Luftfahrtschau ILA
A350-Debatte überschattet Airbus-Glanz

Trotz guter Zahlen hat sich auf der Berliner Luftfahrtschau ein Schatten über Airbus gelegt. Der Chef des europäischen Flugzeugbauers hat Fehler beim A350 eingeräumt, zudem wurde sei die Konkurrenz durch Boeing unterschätzt worden. Die Auslieferungszahlen sind dennoch unerwartet kräftig gestiegen.

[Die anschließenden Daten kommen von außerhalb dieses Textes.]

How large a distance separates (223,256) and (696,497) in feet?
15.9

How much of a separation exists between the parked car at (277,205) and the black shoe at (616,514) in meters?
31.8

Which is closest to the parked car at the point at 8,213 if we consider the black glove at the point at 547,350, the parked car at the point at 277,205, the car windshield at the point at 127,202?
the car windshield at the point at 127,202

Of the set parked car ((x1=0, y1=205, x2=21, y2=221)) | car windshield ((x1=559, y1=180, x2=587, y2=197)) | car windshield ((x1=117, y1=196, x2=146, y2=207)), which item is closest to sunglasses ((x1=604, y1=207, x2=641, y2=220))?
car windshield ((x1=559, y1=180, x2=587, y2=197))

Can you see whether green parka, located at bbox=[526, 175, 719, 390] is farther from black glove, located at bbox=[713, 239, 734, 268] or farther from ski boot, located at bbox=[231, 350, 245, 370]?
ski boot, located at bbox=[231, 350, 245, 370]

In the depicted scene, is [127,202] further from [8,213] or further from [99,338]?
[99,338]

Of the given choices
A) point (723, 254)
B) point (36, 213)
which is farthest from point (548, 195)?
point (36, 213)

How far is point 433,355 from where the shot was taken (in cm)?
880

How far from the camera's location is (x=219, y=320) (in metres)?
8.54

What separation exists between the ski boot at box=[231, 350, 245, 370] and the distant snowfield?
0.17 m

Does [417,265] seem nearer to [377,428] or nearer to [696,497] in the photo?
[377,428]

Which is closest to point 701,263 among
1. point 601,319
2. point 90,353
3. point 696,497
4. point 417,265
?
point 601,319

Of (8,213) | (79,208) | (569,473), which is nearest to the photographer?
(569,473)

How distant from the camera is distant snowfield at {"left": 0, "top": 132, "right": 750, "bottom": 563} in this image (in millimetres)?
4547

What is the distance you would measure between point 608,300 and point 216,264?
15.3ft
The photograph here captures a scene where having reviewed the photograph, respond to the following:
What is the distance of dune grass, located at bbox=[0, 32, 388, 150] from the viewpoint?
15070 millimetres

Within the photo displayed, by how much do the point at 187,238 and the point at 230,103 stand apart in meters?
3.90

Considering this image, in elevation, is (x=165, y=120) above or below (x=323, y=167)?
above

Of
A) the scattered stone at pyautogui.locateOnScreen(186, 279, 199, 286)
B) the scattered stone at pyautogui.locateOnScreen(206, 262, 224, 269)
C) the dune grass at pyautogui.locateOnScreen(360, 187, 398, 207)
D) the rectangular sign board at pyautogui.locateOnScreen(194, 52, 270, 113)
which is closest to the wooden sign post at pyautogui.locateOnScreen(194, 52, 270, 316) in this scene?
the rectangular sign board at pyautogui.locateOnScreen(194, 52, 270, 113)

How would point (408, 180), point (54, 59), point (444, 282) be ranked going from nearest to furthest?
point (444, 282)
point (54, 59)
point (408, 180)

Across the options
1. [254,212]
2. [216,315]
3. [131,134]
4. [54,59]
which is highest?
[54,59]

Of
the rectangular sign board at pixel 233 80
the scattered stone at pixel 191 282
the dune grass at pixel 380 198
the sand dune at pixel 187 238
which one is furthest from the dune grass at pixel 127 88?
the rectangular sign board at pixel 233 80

HB BERLIN. Airbus-Chef Gustav Humbert äußerte sich am Mittwoch auf der Berliner Luftfahrtschau (ILA) irritiert, dass sein Vorgänger und Aufsichtsratschef Noel Forgeard öffentlich über Änderungen am A350 gesprochen hatte. „Ich war ein klein wenig überrascht“, sagte er. Forgeard hatte in der Pariser Zeitung „Le Monde“ eine grundlegende Überarbeitung des Konzepts mit einem vergrößerten Rumpf gefordert. Reuters sagte er, der A350 könne auf 375 Sitze erweitert werden. Humbert räumte ein, man habe bei der Entscheidung für den A350 das Konkurrenzmodell Boeing 787 offensichtlich unterschätzt. Wie das Konzept überarbeitet wird und wie teuer das wird, werde Airbus im Sommer entscheiden.

Erst am Vortag hatten die „Airbus-Minister“ der an dem Flugzeugprojekt beteiligten europäischen Staaten auf der Luftfahrtausstellung Änderungen an dem Konzept des geplanten Großraumflugzeugs verlangt, das mit der für 2008 angekündigten Boeing 787 „Dreamliner“ konkurrieren soll. Im Detail verlangten sie Verbesserungen unter anderem bei der Reichweite und dem Spritverbrauch. Humbert sagte, geplant seien „einige substanzielle Änderungen“. Sie würden erst sowohl mit den Kunden als auch intern und mit den Eigentümern diskutiert, bevor sie an die Öffentlichkeit gebracht würden.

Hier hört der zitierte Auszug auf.